[Web page caption snippets]
:::::

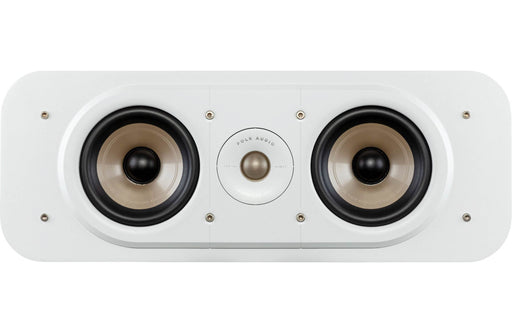 Polk Audio Signature Elite ES35 Low Profile Center Channel Speaker Ope —  Safe and Sound HQ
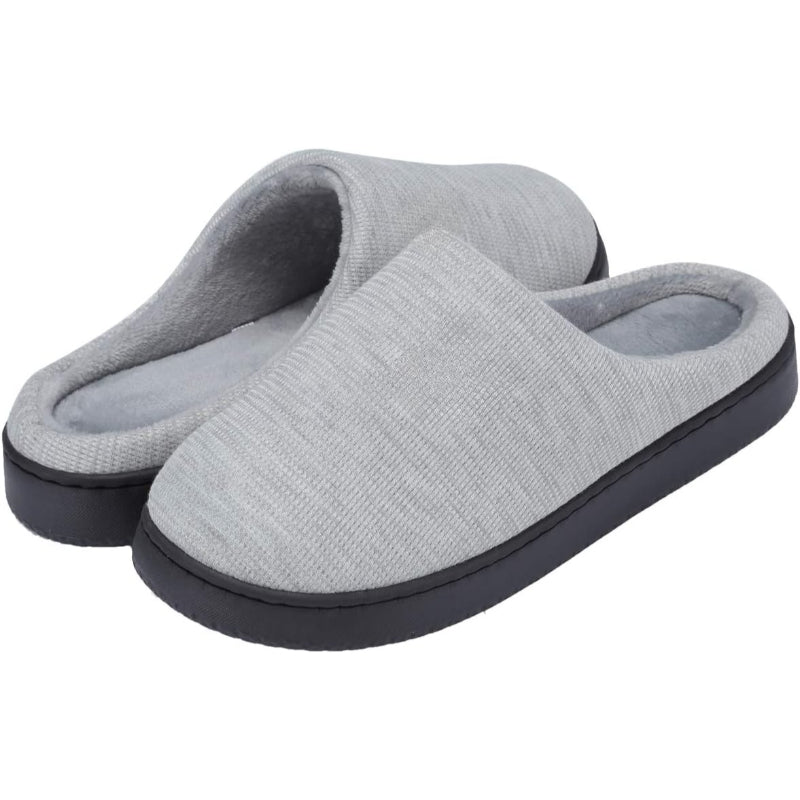 Memory Foam Casual House Diabetic Slippers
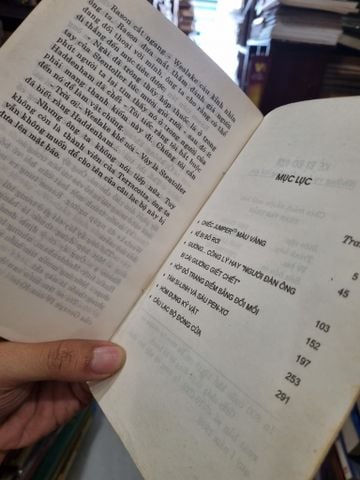  Kẻ bị bỏ rơi - Roy Vickers 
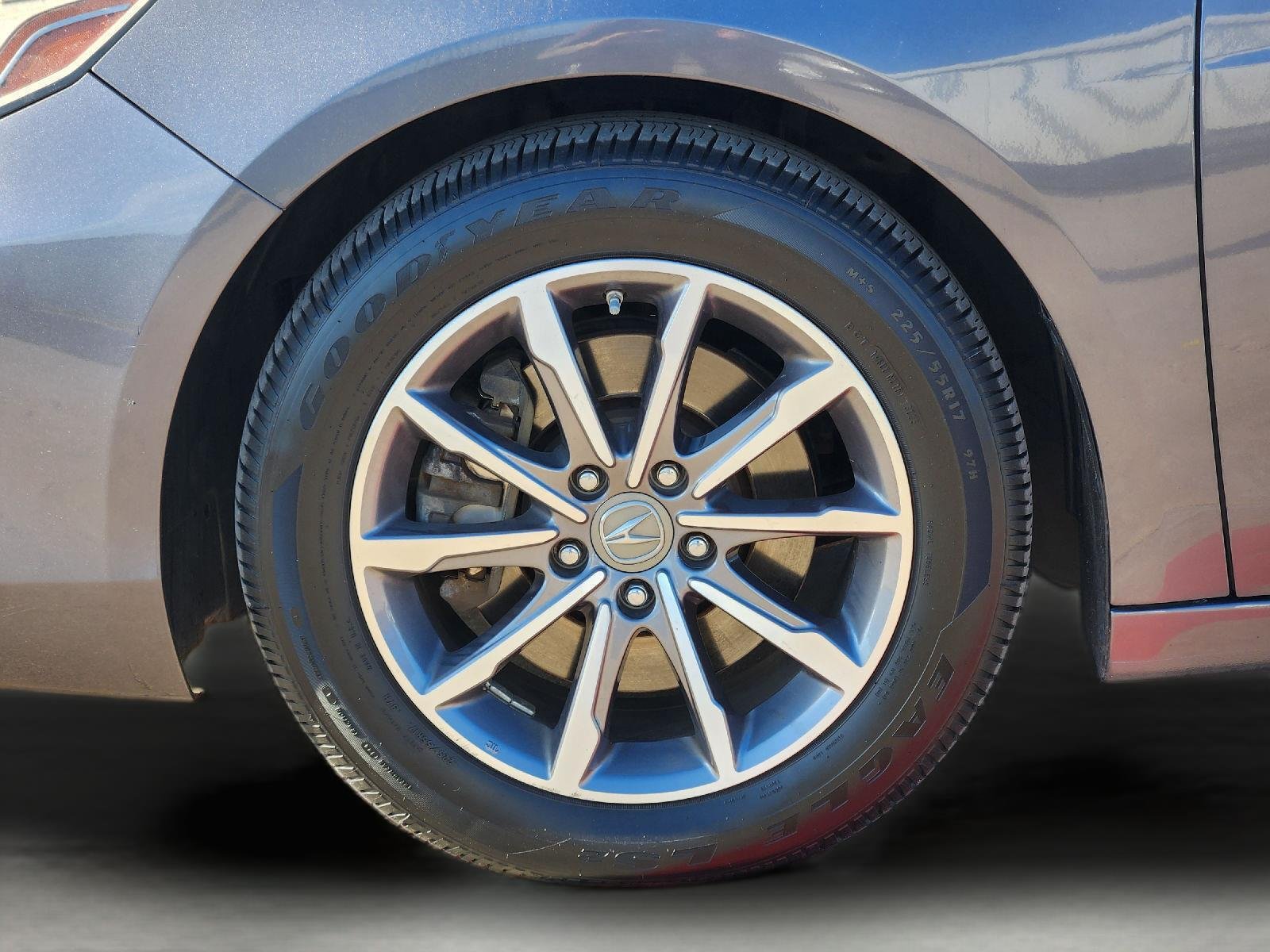 Used 2020 Acura TLX w/ Technology Package FWD image 10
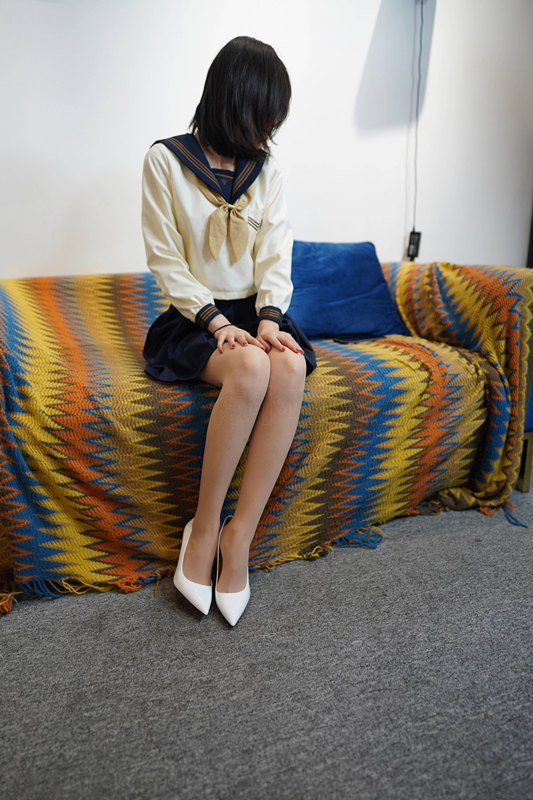 [kittyWawa袜小喵] KT268《水手服》[99P]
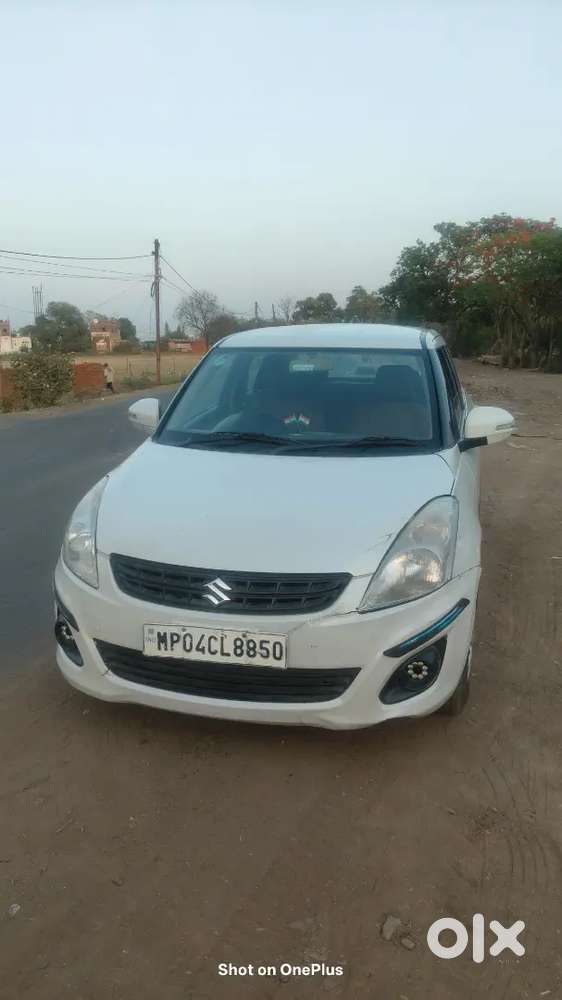 2013 Maruti Suzuki Dzire Vxi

:::::

What is expected:
What's needed is every line above, retyped exactly and free of pictures.

Written solution:
 Polk Audio Signature Elite ES35 Low Profile Center Channel Speaker Ope —  Safe and Sound HQ
 Memory Foam Casual House Diabetic Slippers
  Kẻ bị bỏ rơi - Roy Vickers 
 Used 2020 Acura TLX w/ Technology Package FWD image 10
 [kittyWawa袜小喵] KT268《水手服》[99P]
 2013 Maruti Suzuki Dzire Vxi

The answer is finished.